Stored dataset items:
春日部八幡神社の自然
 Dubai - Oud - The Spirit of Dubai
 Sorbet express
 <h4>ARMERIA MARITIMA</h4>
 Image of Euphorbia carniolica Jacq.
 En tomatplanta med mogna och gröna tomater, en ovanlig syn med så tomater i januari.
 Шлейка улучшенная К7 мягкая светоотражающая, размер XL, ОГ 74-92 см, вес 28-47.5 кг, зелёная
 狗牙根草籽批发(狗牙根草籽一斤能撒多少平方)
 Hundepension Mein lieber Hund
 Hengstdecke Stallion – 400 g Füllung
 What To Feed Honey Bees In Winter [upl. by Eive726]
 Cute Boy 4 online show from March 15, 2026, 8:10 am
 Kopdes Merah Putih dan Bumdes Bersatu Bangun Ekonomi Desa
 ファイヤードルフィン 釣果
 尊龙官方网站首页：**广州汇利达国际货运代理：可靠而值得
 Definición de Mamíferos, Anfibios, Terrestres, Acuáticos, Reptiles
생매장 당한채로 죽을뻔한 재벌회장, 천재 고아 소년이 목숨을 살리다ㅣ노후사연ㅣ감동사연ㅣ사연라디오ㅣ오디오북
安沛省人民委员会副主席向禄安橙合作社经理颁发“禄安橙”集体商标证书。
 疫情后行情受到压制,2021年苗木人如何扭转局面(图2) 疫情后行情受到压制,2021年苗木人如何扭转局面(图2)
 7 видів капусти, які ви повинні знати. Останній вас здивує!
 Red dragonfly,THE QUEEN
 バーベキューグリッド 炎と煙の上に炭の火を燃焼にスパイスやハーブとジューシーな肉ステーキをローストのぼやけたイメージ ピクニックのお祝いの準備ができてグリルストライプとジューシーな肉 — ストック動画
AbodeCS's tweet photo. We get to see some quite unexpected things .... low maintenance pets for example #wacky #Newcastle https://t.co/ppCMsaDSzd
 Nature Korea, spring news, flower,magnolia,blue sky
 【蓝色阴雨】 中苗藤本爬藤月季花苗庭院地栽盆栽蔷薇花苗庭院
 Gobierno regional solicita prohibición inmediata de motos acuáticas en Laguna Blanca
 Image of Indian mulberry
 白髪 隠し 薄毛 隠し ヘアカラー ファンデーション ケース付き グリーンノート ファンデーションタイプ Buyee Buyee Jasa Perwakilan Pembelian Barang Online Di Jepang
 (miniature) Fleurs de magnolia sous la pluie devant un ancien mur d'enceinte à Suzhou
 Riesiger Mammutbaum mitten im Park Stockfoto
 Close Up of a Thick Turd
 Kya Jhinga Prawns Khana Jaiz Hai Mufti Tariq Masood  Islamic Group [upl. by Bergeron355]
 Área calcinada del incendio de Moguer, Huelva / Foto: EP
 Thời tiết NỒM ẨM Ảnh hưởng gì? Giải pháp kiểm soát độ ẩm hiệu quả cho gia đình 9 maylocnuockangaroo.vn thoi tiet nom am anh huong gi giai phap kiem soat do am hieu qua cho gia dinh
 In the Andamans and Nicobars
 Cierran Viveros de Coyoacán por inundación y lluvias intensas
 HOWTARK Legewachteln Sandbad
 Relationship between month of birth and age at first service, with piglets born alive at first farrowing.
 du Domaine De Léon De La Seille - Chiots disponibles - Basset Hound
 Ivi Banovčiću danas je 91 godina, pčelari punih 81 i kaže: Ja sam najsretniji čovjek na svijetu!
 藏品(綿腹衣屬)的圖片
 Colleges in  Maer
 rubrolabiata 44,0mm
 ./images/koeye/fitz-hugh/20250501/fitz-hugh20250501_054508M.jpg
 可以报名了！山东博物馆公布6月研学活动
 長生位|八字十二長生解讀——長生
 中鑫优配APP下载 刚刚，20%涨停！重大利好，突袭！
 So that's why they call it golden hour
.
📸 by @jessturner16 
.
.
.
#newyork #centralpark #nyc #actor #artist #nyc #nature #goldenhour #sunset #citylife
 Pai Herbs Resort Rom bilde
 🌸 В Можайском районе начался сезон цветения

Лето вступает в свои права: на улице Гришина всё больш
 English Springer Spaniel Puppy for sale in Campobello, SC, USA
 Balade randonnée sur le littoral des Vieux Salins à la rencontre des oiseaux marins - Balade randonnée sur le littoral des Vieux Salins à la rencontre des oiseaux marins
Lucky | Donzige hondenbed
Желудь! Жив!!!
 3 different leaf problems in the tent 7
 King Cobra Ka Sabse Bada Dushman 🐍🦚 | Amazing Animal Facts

Work instructions> Retype every entry above, word for word.

Response>
春日部八幡神社の自然
 Dubai - Oud - The Spirit of Dubai
 Sorbet express
 <h4>ARMERIA MARITIMA</h4>
 Image of Euphorbia carniolica Jacq.
 En tomatplanta med mogna och gröna tomater, en ovanlig syn med så tomater i januari.
 Шлейка улучшенная К7 мягкая светоотражающая, размер XL, ОГ 74-92 см, вес 28-47.5 кг, зелёная
 狗牙根草籽批发(狗牙根草籽一斤能撒多少平方)
 Hundepension Mein lieber Hund
 Hengstdecke Stallion – 400 g Füllung
 What To Feed Honey Bees In Winter [upl. by Eive726]
 Cute Boy 4 online show from March 15, 2026, 8:10 am
 Kopdes Merah Putih dan Bumdes Bersatu Bangun Ekonomi Desa
 ファイヤードルフィン 釣果
 尊龙官方网站首页：**广州汇利达国际货运代理：可靠而值得
 Definición de Mamíferos, Anfibios, Terrestres, Acuáticos, Reptiles
생매장 당한채로 죽을뻔한 재벌회장, 천재 고아 소년이 목숨을 살리다ㅣ노후사연ㅣ감동사연ㅣ사연라디오ㅣ오디오북
安沛省人民委员会副主席向禄安橙合作社经理颁发“禄安橙”集体商标证书。
 疫情后行情受到压制,2021年苗木人如何扭转局面(图2) 疫情后行情受到压制,2021年苗木人如何扭转局面(图2)
 7 видів капусти, які ви повинні знати. Останній вас здивує!
 Red dragonfly,THE QUEEN
 バーベキューグリッド 炎と煙の上に炭の火を燃焼にスパイスやハーブとジューシーな肉ステーキをローストのぼやけたイメージ ピクニックのお祝いの準備ができてグリルストライプとジューシーな肉 — ストック動画
AbodeCS's tweet photo. We get to see some quite unexpected things .... low maintenance pets for example #wacky #Newcastle https://t.co/ppCMsaDSzd
 Nature Korea, spring news, flower,magnolia,blue sky
 【蓝色阴雨】 中苗藤本爬藤月季花苗庭院地栽盆栽蔷薇花苗庭院
 Gobierno regional solicita prohibición inmediata de motos acuáticas en Laguna Blanca
 Image of Indian mulberry
 白髪 隠し 薄毛 隠し ヘアカラー ファンデーション ケース付き グリーンノート ファンデーションタイプ Buyee Buyee Jasa Perwakilan Pembelian Barang Online Di Jepang
 (miniature) Fleurs de magnolia sous la pluie devant un ancien mur d'enceinte à Suzhou
 Riesiger Mammutbaum mitten im Park Stockfoto
 Close Up of a Thick Turd
 Kya Jhinga Prawns Khana Jaiz Hai Mufti Tariq Masood  Islamic Group [upl. by Bergeron355]
 Área calcinada del incendio de Moguer, Huelva / Foto: EP
 Thời tiết NỒM ẨM Ảnh hưởng gì? Giải pháp kiểm soát độ ẩm hiệu quả cho gia đình 9 maylocnuockangaroo.vn thoi tiet nom am anh huong gi giai phap kiem soat do am hieu qua cho gia dinh
 In the Andamans and Nicobars
 Cierran Viveros de Coyoacán por inundación y lluvias intensas
 HOWTARK Legewachteln Sandbad
 Relationship between month of birth and age at first service, with piglets born alive at first farrowing.
 du Domaine De Léon De La Seille - Chiots disponibles - Basset Hound
 Ivi Banovčiću danas je 91 godina, pčelari punih 81 i kaže: Ja sam najsretniji čovjek na svijetu!
 藏品(綿腹衣屬)的圖片
 Colleges in  Maer
 rubrolabiata 44,0mm
 ./images/koeye/fitz-hugh/20250501/fitz-hugh20250501_054508M.jpg
 可以报名了！山东博物馆公布6月研学活动
 長生位|八字十二長生解讀——長生
 中鑫优配APP下载 刚刚，20%涨停！重大利好，突袭！
 So that's why they call it golden hour
.
📸 by @jessturner16 
.
.
.
#newyork #centralpark #nyc #actor #artist #nyc #nature #goldenhour #sunset #citylife
 Pai Herbs Resort Rom bilde
 🌸 В Можайском районе начался сезон цветения

Лето вступает в свои права: на улице Гришина всё больш
 English Springer Spaniel Puppy for sale in Campobello, SC, USA
 Balade randonnée sur le littoral des Vieux Salins à la rencontre des oiseaux marins - Balade randonnée sur le littoral des Vieux Salins à la rencontre des oiseaux marins
Lucky | Donzige hondenbed
Желудь! Жив!!!
 3 different leaf problems in the tent 7
 King Cobra Ka Sabse Bada Dushman 🐍🦚 | Amazing Animal Facts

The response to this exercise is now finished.